Activity:
Although the data below holds other lines too, output only those from the line with "Újdonság a kiállítói megjelenésben!" up to and including the line with "Hanging chairs/ Hanging", exactly as they appear.

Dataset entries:
********************
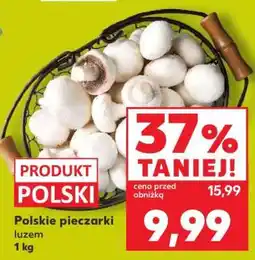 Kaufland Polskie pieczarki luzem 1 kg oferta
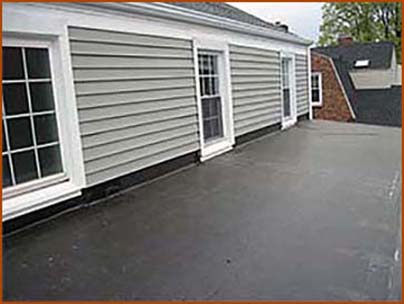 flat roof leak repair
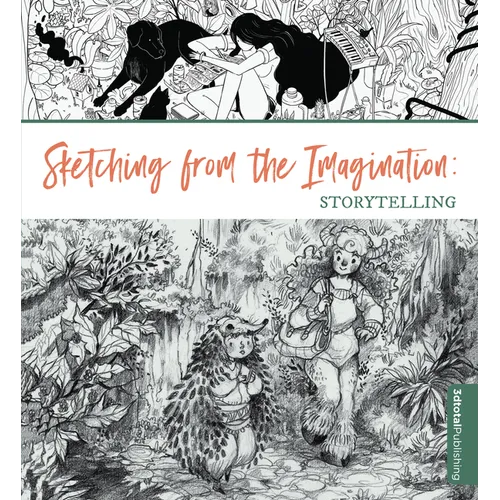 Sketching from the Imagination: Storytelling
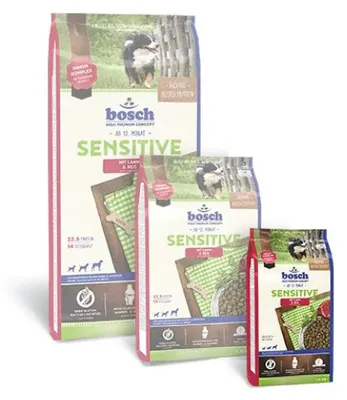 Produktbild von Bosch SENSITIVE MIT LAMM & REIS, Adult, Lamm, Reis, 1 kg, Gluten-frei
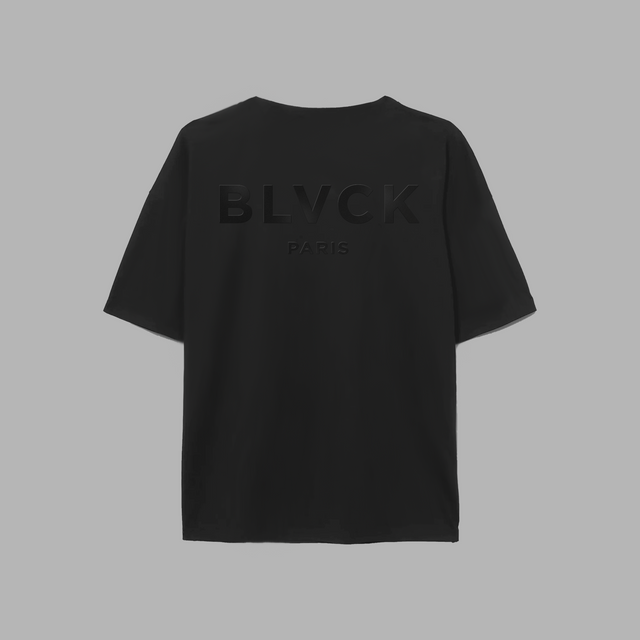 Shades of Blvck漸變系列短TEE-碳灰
********************
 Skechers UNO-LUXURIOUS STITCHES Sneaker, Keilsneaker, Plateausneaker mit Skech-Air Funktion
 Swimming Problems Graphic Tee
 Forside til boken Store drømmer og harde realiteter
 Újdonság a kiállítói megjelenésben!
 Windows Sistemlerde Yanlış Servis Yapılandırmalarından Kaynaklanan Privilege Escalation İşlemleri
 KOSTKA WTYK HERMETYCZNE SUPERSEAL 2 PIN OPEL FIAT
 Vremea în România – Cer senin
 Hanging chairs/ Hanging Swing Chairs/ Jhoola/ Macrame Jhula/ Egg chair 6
********************
Response:
 Újdonság a kiállítói megjelenésben!
 Windows Sistemlerde Yanlış Servis Yapılandırmalarından Kaynaklanan Privilege Escalation İşlemleri
 KOSTKA WTYK HERMETYCZNE SUPERSEAL 2 PIN OPEL FIAT
 Vremea în România – Cer senin
 Hanging chairs/ Hanging Swing Chairs/ Jhoola/ Macrame Jhula/ Egg chair 6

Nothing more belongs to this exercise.